Only incorporated freelancers (with limited companies) are hit by the U-turns, which mean IR35 reform repeal, a corporation tax cut, and a dividend tax cut are no longer going ahead.

But that isn’t stopping advisers to freelancers now appealing to Mr Hunt about what they want him to announce that will affect the self-employed, at his Medium Term Fiscal Plan.

'MTD is a big issue for self-employed'

Due on Oct. 31, the plan could be dominated by the chancellor fleshing out his U-turns, on top of details about the National Insurance Contributions increase reversal -- which is going ahead.  

While that reversal by the government under Liz Truss, who yesterday resigned as prime minister, means lower NICs payments by the self-employed, another issue is taxing them.

Or at least, it will tax them shortly -- mentally if not financially, unless Mr Hunt intervenes.

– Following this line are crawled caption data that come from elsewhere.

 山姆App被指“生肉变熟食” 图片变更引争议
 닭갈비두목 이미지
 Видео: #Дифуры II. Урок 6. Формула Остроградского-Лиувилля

“One of the biggest issues for self-employed people at the moment is the government’s Making Tax Digital legislation,” Roan Lavery, CEO of FreeAgent told FreelanceUK.  

“The first phase of MTD -- MTD for VAT -- has already come into effect, while the next phase -- MTD for Income Tax Self-Assessment - ‘ITSA’- is scheduled for April 2024.

“This will see millions of self-employed people having to use digital software to keep their financial records and make quarterly submissions to HMRC, yet many [sole traders] are still in the dark about what the legislation is.”

'More worrying'

According to the accounting software platform, not even one in 10 small business owners can say they understand “everything” about MTD.

Almost one-third say they don’t understand “anything” about Making Tax Digital, and perhaps “more worryingly,” says Mr Lavery, eight per cent have never heard of MTD.

While low awareness of MTD is clearly an issue, actually, “there are so many concerns” with MTD for ITSA, “it is hard to know where to start,” says LITRG technical officer Meredith McCammond.

“HMRC will not offer its own free software; only a very small number of taxpayers were in the pilot; the £10,000 turnover threshold is too low and many of the technical details aren’t clear,” McCammond told FreelanceUK.

'Another delay to Making Tax Digital would be a relief'

Among those opaque details, is how MTD will interact with Universal Credit, but that’s not the only “substantial change” that self-employed people might need to make in their “day-to-day running of their business,” the Low Incomes Tax Reform Group  (LITRG) warns.

McCammond reflected: “If we saw something on October 31st about deferring the MTD for ITSA timetable, again, I think we on behalf of unrepresented taxpayers would breathe a huge sigh of relief.”

An MTD deferral isn’t the only appeal that the chancellor is receiving for his Halloween statement.  

'Chancellor should properly support low paid self-employed'

Independent work champion IWORK says it wants to see Mr Hunt unveil “some proper financial support” for the self-employed community’s lowest earners.

“This is particularly necessary as spiralling costs mean many people’s freelance income is insufficient to cover their outgoings. 

"As a result more people are looking for second jobs, side-hustles, or ‘gig economy’ work in order to make ends meet.” 

'Aid for second-jobbers needed'

Chief executive of IWORK, Julia Kermode added: “So I think the chancellor should implement tax breaks to support them so second-jobbers aren't penalised by basic rate deductions.

“And Mr Hunt should also raise the current £1,000 trading allowance so that people can earn more self-employed income before paying tax on it.”